** Data extract follows **

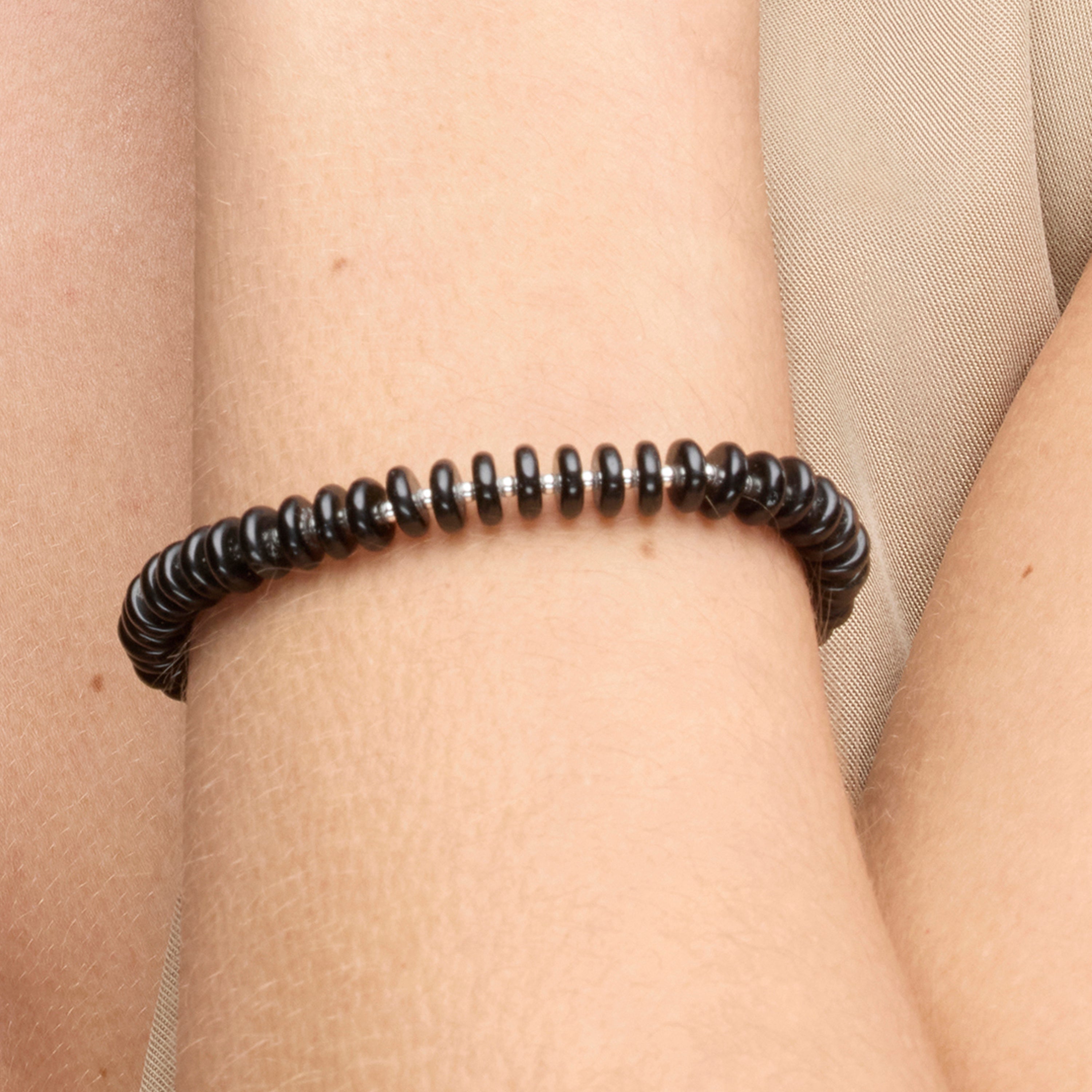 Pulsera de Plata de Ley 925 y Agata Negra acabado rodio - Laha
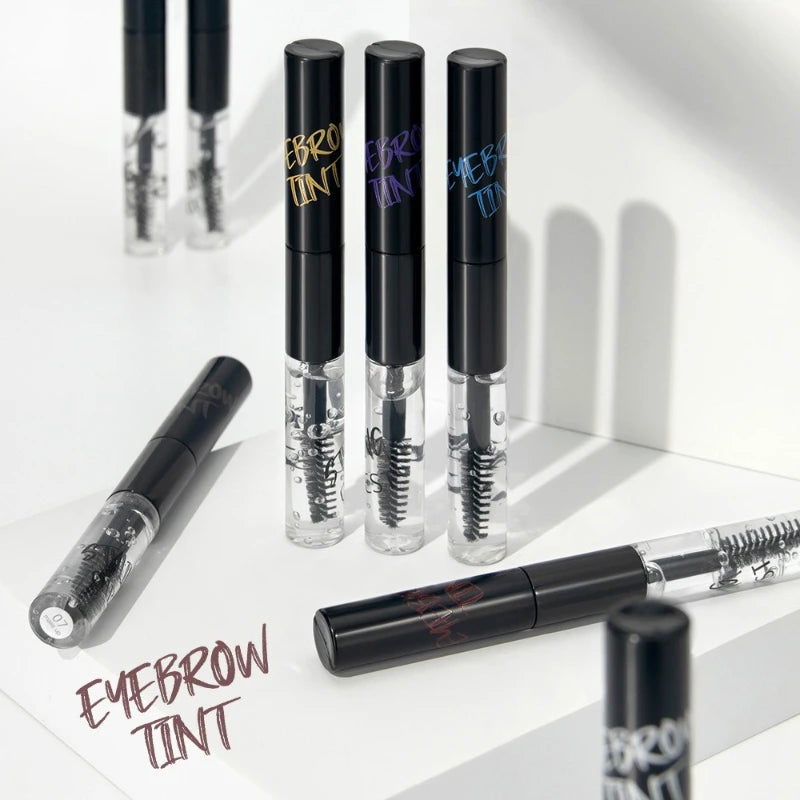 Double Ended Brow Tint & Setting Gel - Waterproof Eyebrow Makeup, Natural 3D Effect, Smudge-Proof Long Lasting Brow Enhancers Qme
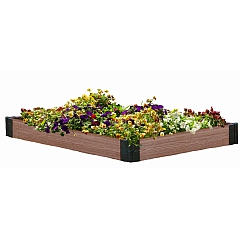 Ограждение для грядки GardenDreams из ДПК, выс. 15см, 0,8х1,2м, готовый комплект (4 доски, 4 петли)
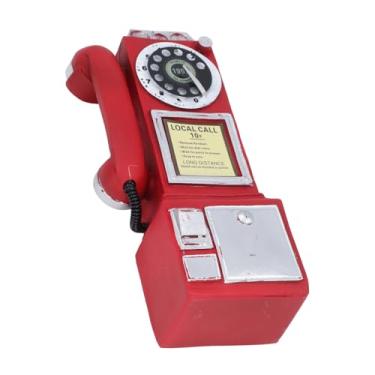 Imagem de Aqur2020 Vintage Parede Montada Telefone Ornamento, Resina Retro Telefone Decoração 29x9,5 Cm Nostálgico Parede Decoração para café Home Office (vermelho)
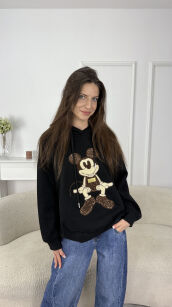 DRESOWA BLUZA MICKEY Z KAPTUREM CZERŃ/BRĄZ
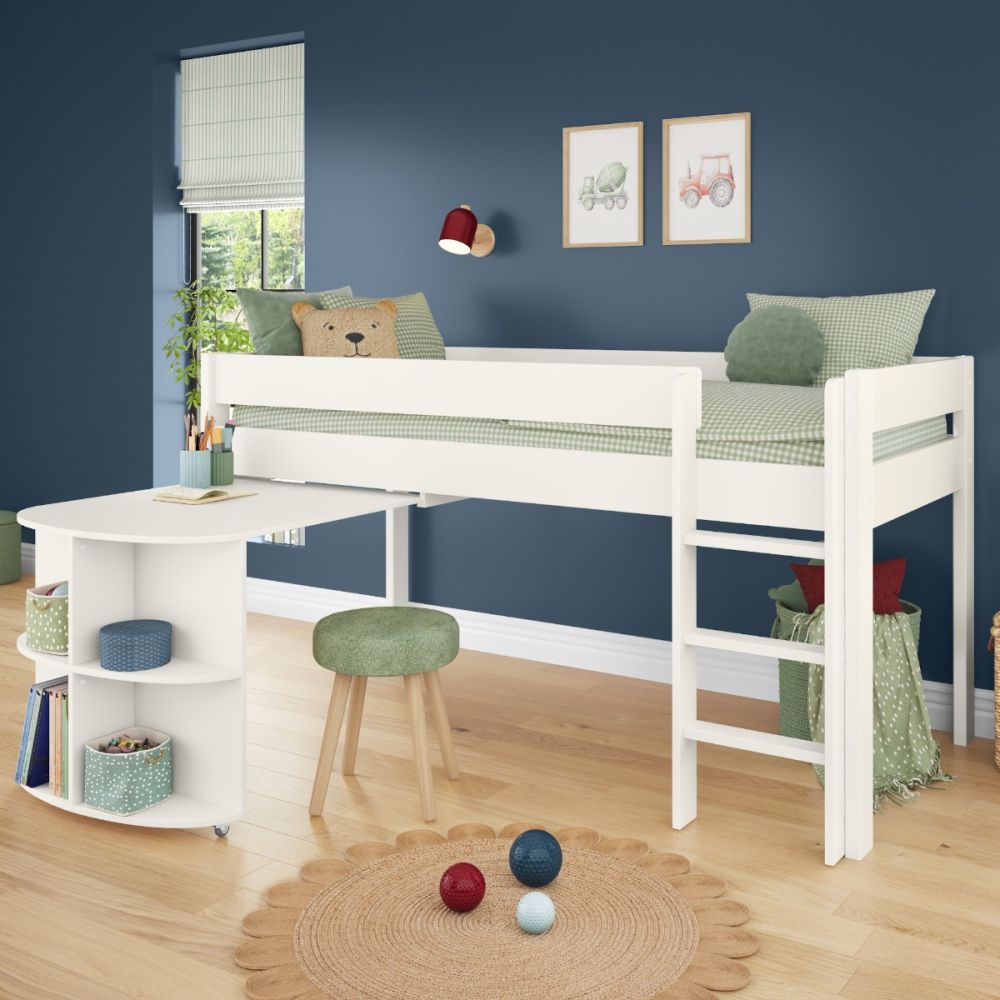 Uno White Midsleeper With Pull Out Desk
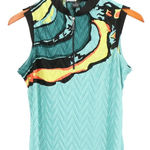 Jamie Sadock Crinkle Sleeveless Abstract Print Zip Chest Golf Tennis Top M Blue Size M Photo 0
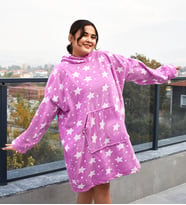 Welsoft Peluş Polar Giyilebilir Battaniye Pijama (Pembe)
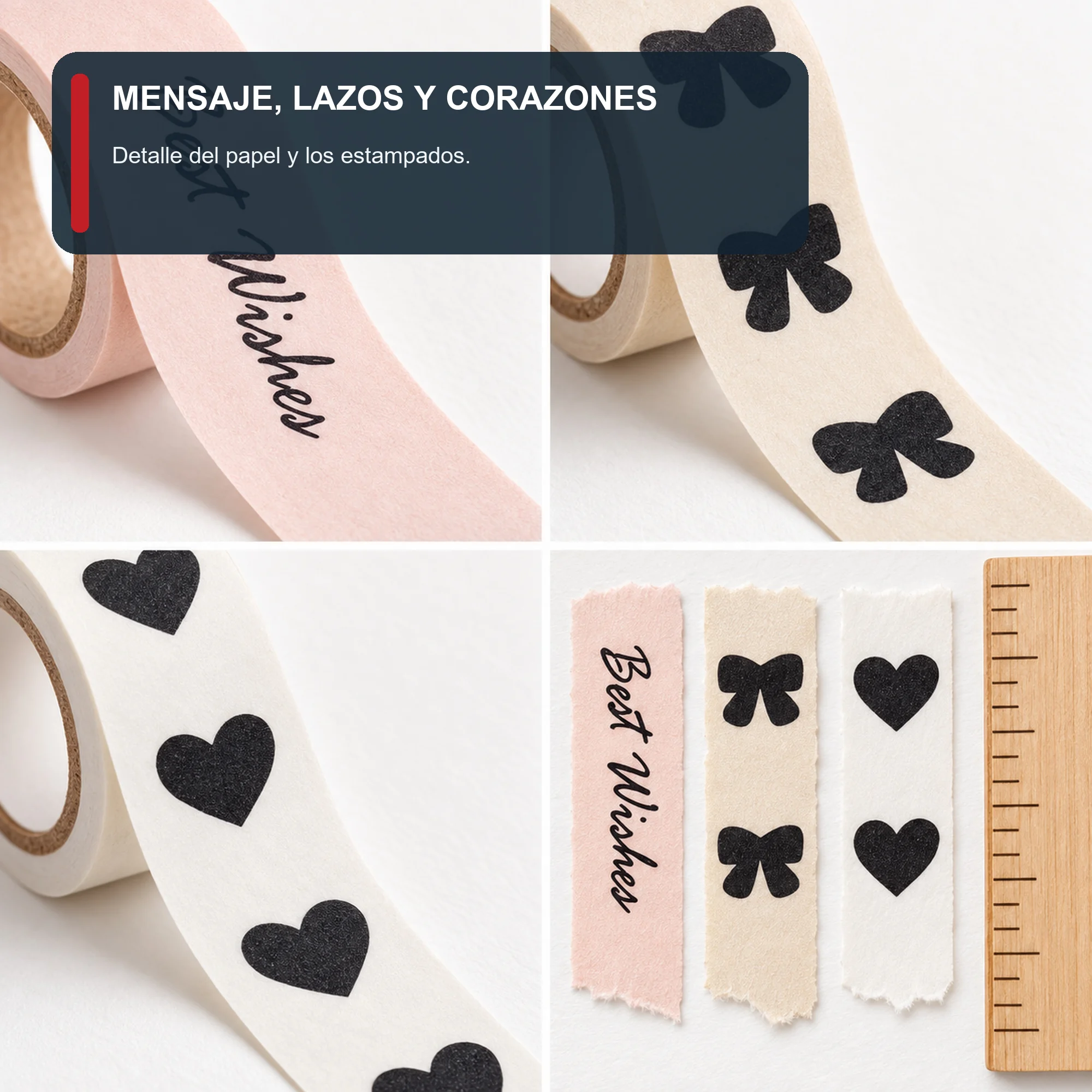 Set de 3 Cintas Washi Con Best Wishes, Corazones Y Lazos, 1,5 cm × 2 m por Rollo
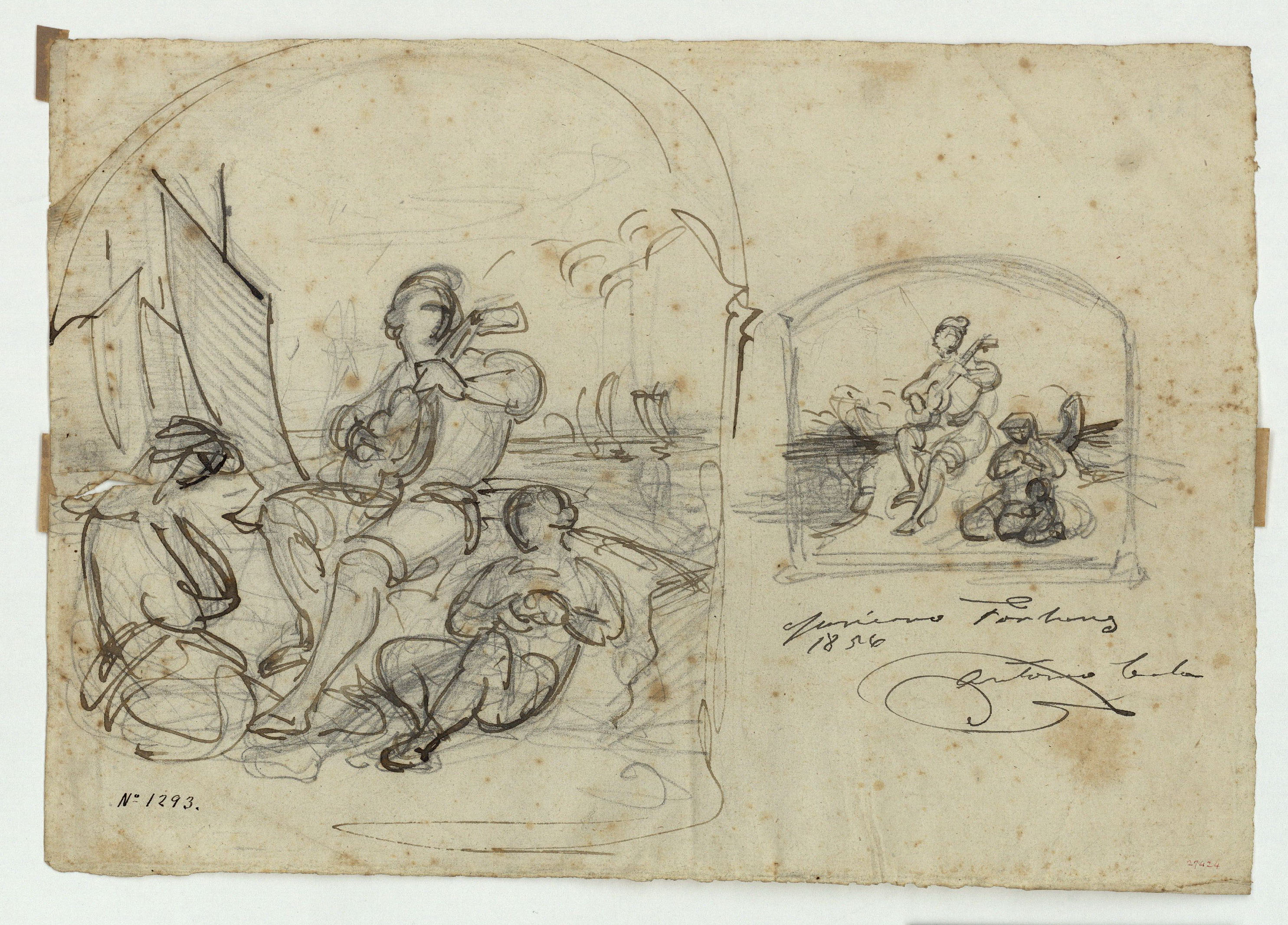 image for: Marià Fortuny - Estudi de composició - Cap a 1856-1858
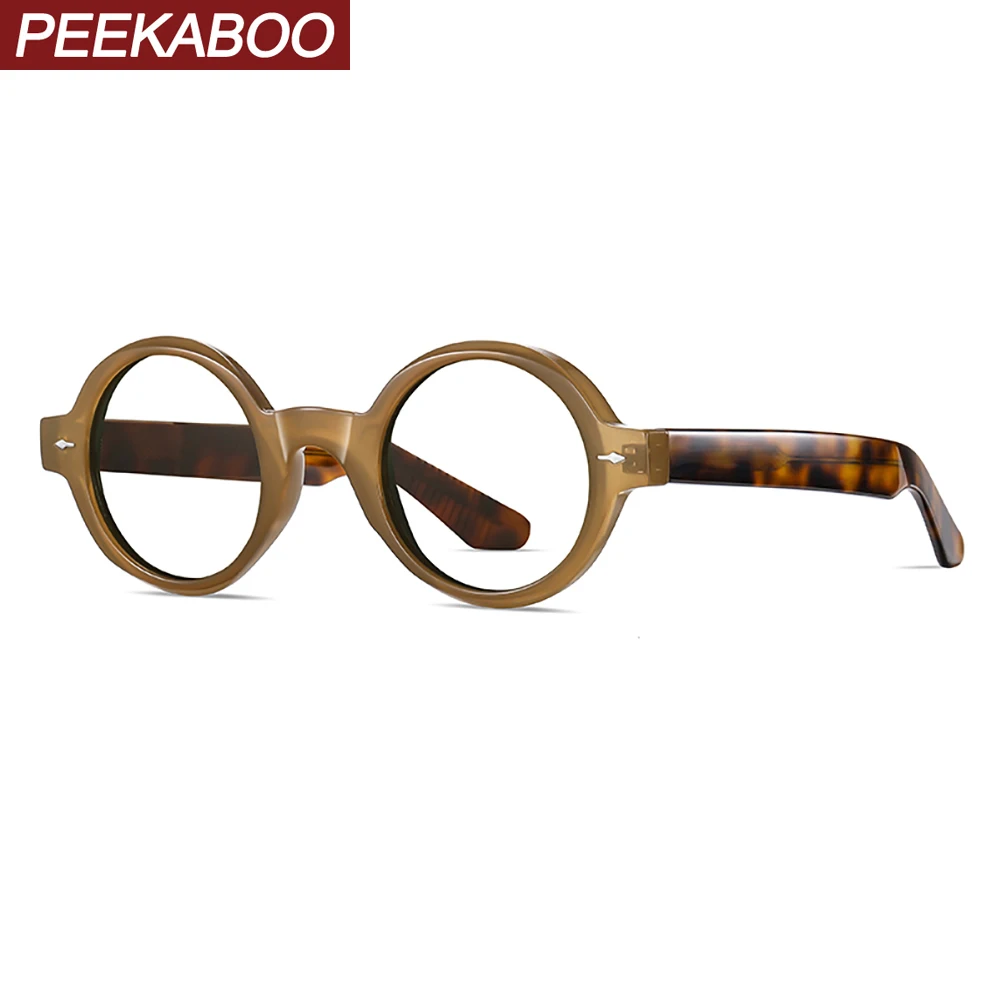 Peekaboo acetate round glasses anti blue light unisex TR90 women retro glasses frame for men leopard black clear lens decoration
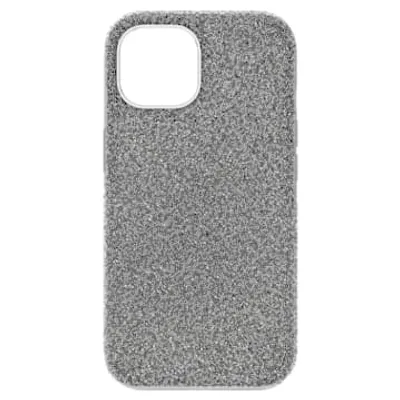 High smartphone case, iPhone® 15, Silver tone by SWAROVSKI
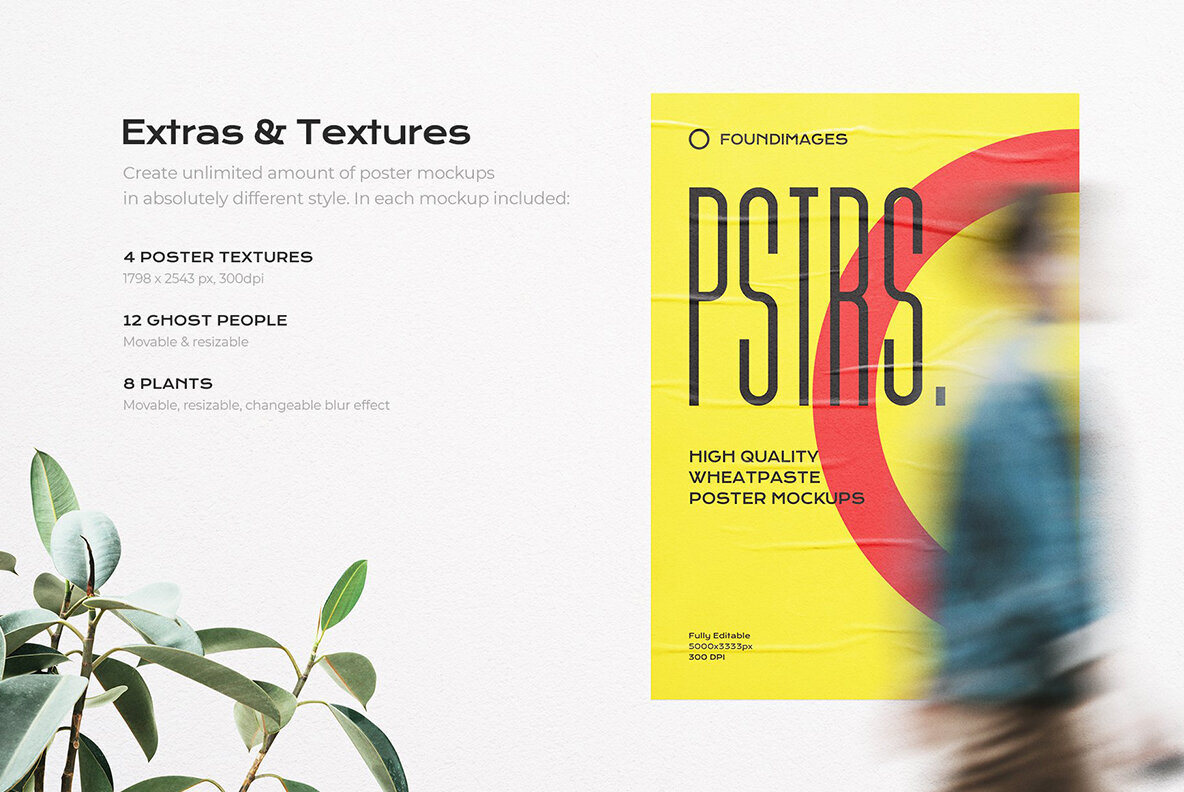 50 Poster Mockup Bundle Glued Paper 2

** End of Data extract **

__Task objective__
In the copy, include exactly the lines from the one containing "Peekaboo acetate round" through the last line of the records, and no pictures or other text.

__Exercise result__
 Peekaboo acetate round glasses anti blue light unisex TR90 women retro glasses frame for men leopard black clear lens decoration
 High smartphone case, iPhone® 15, Silver tone by SWAROVSKI
 50 Poster Mockup Bundle Glued Paper 2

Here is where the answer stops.